En fin de compte, il n’est que CECI qui ne peut être saisi en mots ; Cela simplement est/n’est pas — incluant personnages apparents et émotions. Si les mots n’ont aucun sens, on peut toujours remarquer l’espace entre eux, ou l’arrière-plan sur lequel ils s’inscrivent.

Réponse de l’intervenant : Eh bien, Il y a peut-être des réponses après tout — la vôtre était excellente et je vous en remercie. En fait, elles sont et ne sont pas — tout est au mieux dans le meilleur des mondes !

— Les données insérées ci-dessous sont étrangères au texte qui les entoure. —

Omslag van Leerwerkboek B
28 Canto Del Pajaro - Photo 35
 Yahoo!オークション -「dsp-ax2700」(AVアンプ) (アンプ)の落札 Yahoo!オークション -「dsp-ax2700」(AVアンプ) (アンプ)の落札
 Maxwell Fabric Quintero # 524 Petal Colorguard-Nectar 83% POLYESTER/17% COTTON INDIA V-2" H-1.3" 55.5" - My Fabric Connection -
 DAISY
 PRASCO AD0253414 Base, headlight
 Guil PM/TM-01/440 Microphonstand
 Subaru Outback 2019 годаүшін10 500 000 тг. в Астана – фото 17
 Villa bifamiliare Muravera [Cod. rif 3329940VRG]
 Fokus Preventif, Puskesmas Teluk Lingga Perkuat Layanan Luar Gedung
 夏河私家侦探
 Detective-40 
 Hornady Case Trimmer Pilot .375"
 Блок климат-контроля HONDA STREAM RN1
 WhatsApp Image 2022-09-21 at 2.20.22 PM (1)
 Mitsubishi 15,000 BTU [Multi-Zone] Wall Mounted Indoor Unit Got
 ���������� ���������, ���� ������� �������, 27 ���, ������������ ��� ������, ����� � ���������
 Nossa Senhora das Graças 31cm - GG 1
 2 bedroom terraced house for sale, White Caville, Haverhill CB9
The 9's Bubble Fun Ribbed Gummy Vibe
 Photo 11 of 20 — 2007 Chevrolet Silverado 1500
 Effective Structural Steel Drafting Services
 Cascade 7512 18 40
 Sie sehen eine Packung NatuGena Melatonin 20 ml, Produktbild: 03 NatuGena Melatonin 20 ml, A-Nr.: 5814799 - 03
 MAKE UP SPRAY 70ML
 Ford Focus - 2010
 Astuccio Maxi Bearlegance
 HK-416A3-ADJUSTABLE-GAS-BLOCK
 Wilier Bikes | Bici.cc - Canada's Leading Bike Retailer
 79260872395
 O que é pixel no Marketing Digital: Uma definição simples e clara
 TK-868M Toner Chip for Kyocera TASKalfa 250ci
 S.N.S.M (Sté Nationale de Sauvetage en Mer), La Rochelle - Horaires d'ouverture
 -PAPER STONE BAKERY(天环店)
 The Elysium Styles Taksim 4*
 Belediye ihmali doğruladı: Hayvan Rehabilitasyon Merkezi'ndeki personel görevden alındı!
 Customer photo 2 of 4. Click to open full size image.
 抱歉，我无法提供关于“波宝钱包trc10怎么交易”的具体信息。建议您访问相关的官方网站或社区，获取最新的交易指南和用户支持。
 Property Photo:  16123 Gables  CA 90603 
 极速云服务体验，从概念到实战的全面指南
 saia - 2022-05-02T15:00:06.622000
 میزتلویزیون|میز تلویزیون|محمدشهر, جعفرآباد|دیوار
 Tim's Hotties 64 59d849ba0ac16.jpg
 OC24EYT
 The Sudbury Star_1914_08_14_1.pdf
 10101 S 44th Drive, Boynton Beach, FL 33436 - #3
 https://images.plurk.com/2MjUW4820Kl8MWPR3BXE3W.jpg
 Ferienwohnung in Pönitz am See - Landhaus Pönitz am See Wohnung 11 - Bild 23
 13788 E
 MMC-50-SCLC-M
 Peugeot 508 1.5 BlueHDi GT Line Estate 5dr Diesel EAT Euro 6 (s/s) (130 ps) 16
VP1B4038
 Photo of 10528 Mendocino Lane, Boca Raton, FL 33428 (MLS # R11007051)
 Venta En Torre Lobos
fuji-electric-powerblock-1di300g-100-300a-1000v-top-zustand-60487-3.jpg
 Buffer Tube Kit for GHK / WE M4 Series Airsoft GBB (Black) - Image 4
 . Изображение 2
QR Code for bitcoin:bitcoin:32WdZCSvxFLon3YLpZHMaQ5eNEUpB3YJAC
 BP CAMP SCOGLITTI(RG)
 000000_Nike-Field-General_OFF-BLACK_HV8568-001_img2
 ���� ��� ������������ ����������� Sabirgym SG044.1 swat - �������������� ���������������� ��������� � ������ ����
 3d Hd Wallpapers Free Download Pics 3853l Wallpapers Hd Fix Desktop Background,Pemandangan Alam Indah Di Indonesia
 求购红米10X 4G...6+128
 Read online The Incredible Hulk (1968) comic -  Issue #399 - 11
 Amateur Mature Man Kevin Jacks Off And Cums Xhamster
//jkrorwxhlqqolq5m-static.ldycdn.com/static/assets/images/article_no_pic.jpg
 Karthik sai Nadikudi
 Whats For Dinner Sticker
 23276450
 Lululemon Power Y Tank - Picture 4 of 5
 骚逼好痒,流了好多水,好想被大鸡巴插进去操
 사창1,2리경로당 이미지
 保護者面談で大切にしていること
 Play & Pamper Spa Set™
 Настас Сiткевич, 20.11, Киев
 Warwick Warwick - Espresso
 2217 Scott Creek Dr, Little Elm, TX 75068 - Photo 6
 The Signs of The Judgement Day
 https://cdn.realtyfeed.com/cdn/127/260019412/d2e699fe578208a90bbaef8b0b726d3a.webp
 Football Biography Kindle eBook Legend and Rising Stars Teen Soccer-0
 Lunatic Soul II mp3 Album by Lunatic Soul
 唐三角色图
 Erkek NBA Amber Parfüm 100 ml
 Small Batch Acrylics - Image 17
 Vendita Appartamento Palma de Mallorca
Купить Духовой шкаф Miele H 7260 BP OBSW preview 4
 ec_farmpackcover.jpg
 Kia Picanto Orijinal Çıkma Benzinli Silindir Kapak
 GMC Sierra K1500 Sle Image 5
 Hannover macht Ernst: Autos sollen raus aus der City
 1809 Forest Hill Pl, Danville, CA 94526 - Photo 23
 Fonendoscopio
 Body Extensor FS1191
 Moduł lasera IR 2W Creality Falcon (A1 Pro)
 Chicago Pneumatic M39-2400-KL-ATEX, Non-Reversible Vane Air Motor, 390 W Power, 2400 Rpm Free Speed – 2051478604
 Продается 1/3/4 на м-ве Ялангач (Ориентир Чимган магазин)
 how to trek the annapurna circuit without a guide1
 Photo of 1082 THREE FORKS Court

J’aime cette idée de voir « à travers » cette personne que généralement je pense que je suis — en fait que je pense « toujours » que je suis dès que je pense. Il semble que je ne puisse voir « au travers » que lorsque que je cesse de penser. CESSER DE PENSER ! C’est comme l’espace entre deux mots ou l’espace entre inhalation et expiration.

Je Suis
« Je suis le support de l’univers, le père, la mère et le grand-père. Je suis l’objet du savoir, la syllabe sacrée OM et les Védas. Je suis le but, le support, le Seigneur, le témoin, la demeure, le refuge, l’ami, l’origine, la dissolution, la fondation, le substrat et l’ immuable semence ».

La Bhagavad-Gita traduite par Dr. Ramanada Prasad.